— DATA TO USE —
------------------------------------------------
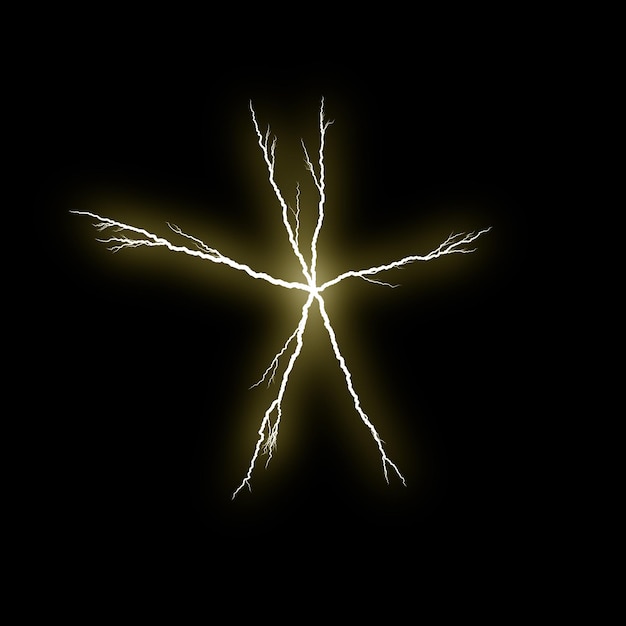 Efecto visual de flash eléctrico realista aislado en el fondo de la noche negra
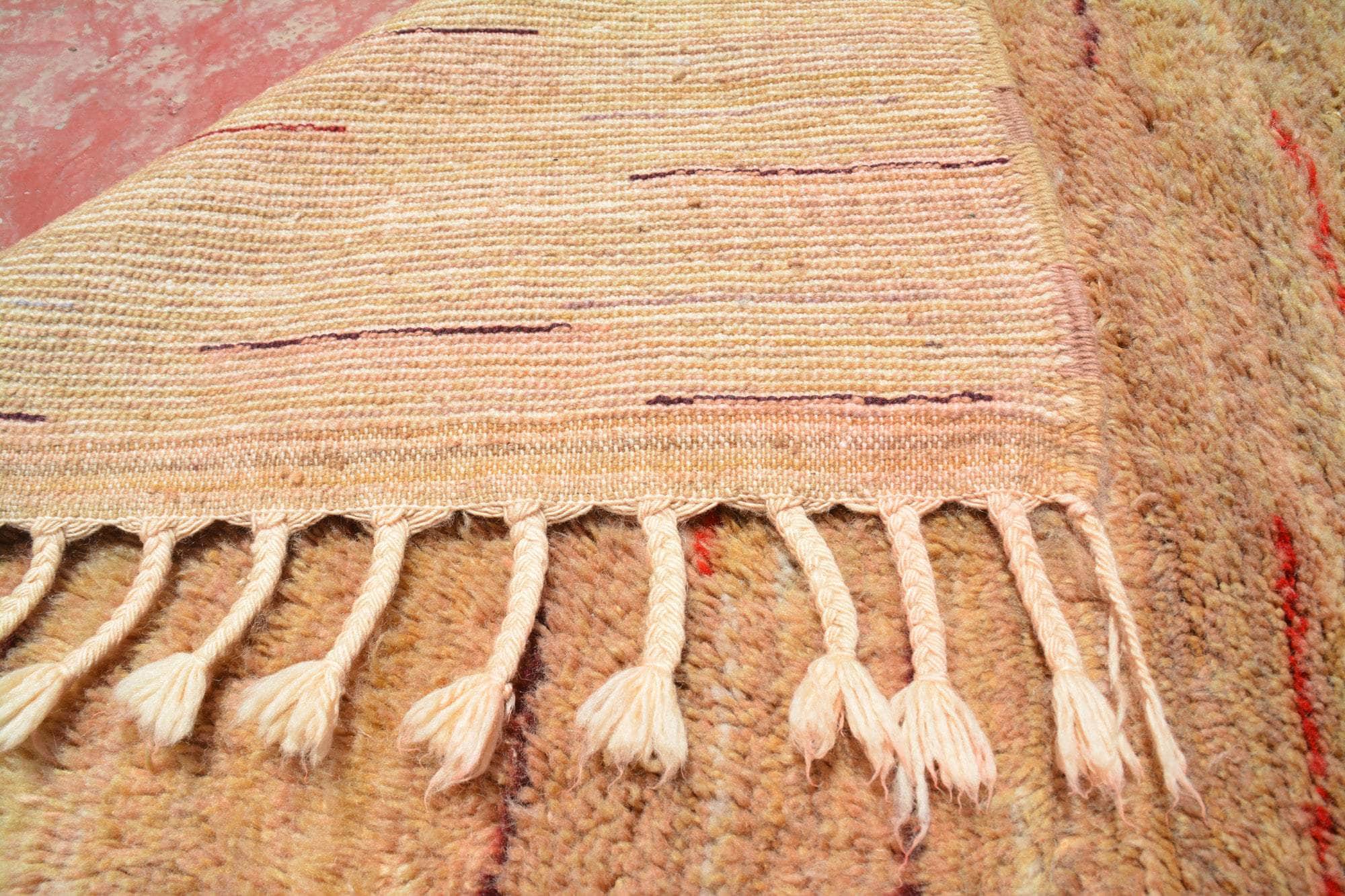 Embers (4'0" x 5'9") - Simple Purple & Red Striped Berber Rug - Image 4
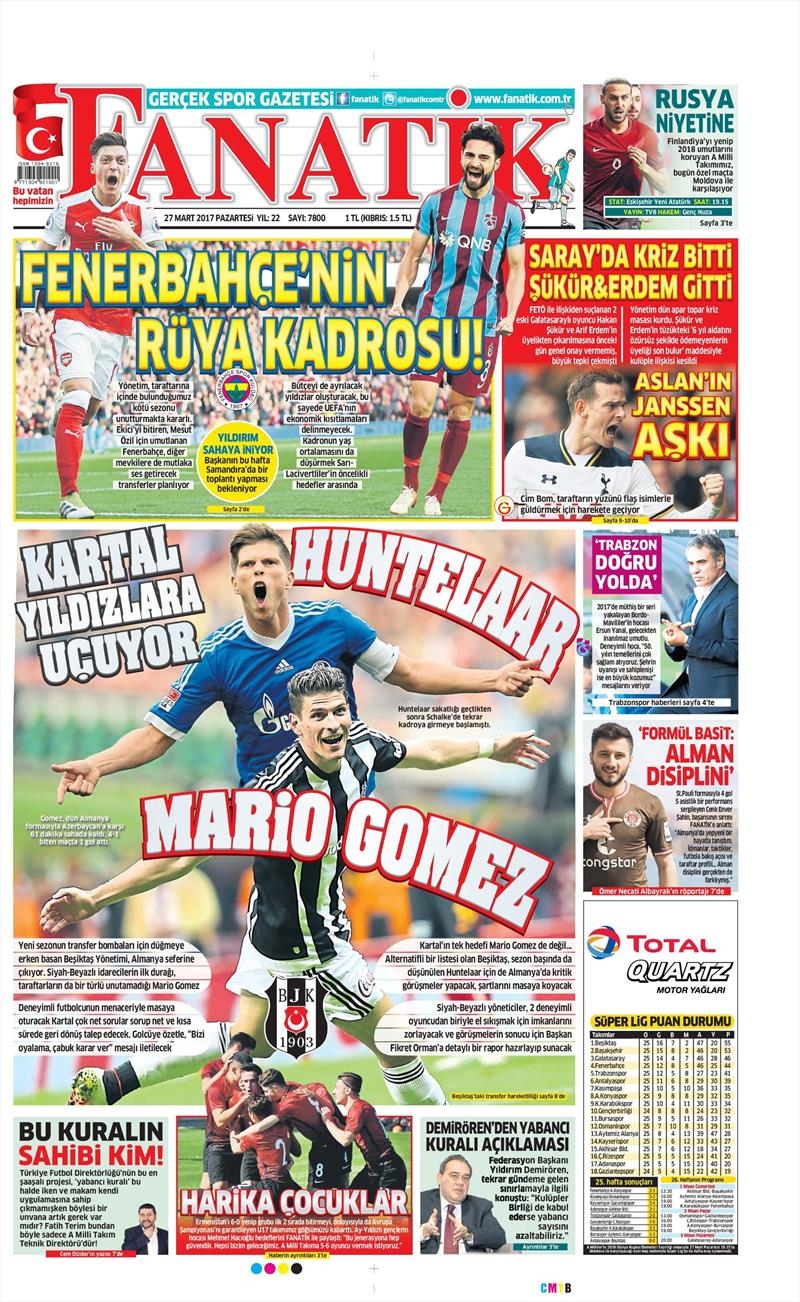 27 Mart 2017 | İşte gazetelerin Beşiktaş manşetleri - Görsel 3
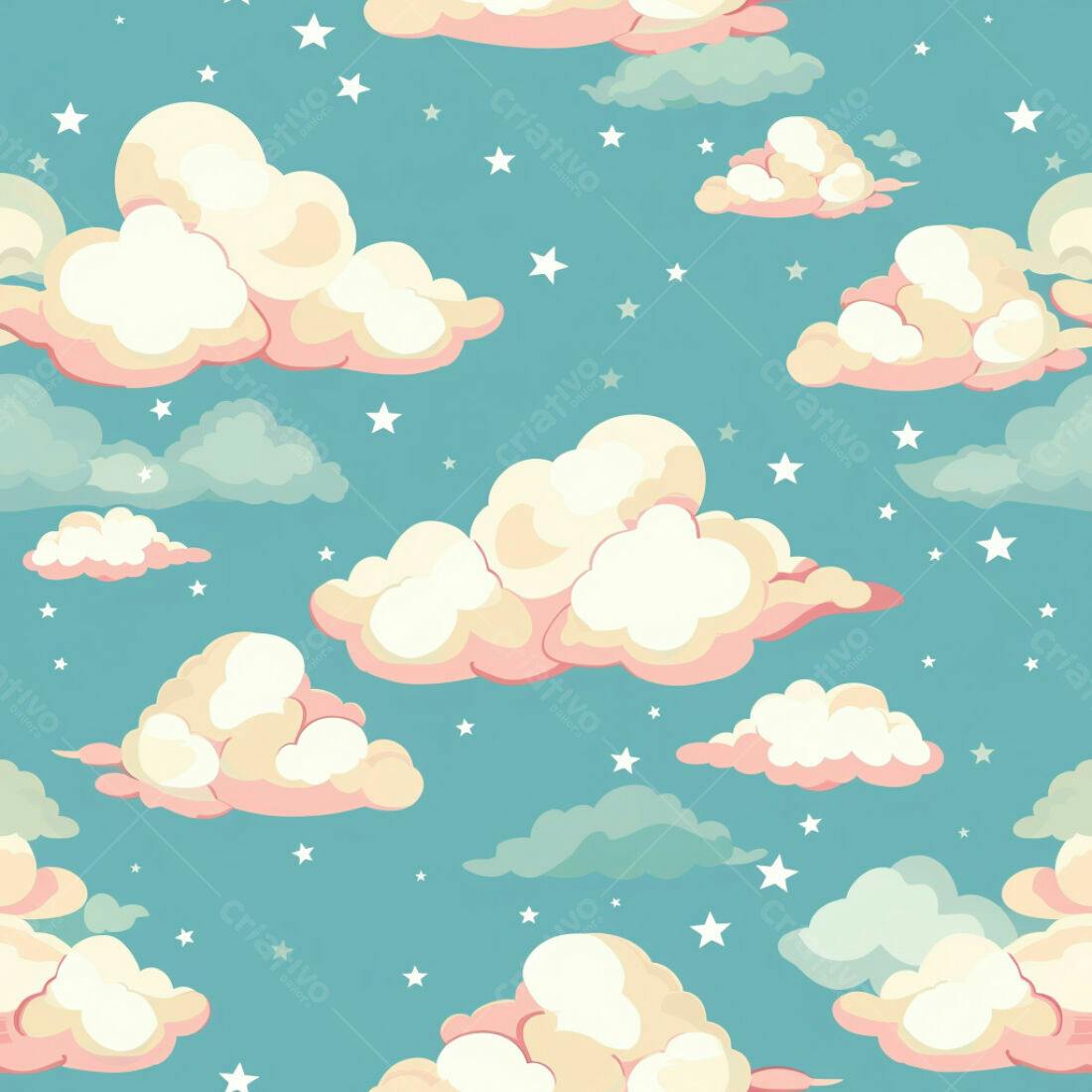 Textura Céu com Nuvens e Estrelas para Fundo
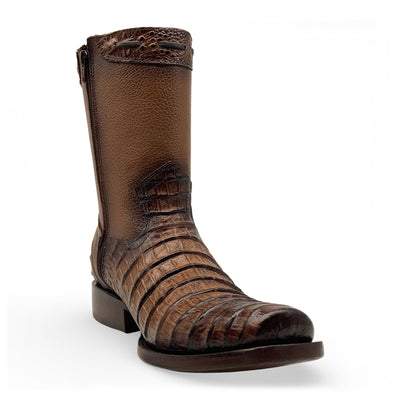 Men’s Caiman Print, Square Toe, Leather Cowboy Boot, with a Full Side Zipper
------------------------------------------------
Give the data again exactly as written, with no pictures included.

 Efecto visual de flash eléctrico realista aislado en el fondo de la noche negra
 Embers (4'0" x 5'9") - Simple Purple & Red Striped Berber Rug - Image 4
 27 Mart 2017 | İşte gazetelerin Beşiktaş manşetleri - Görsel 3
 Textura Céu com Nuvens e Estrelas para Fundo
 Men’s Caiman Print, Square Toe, Leather Cowboy Boot, with a Full Side Zipper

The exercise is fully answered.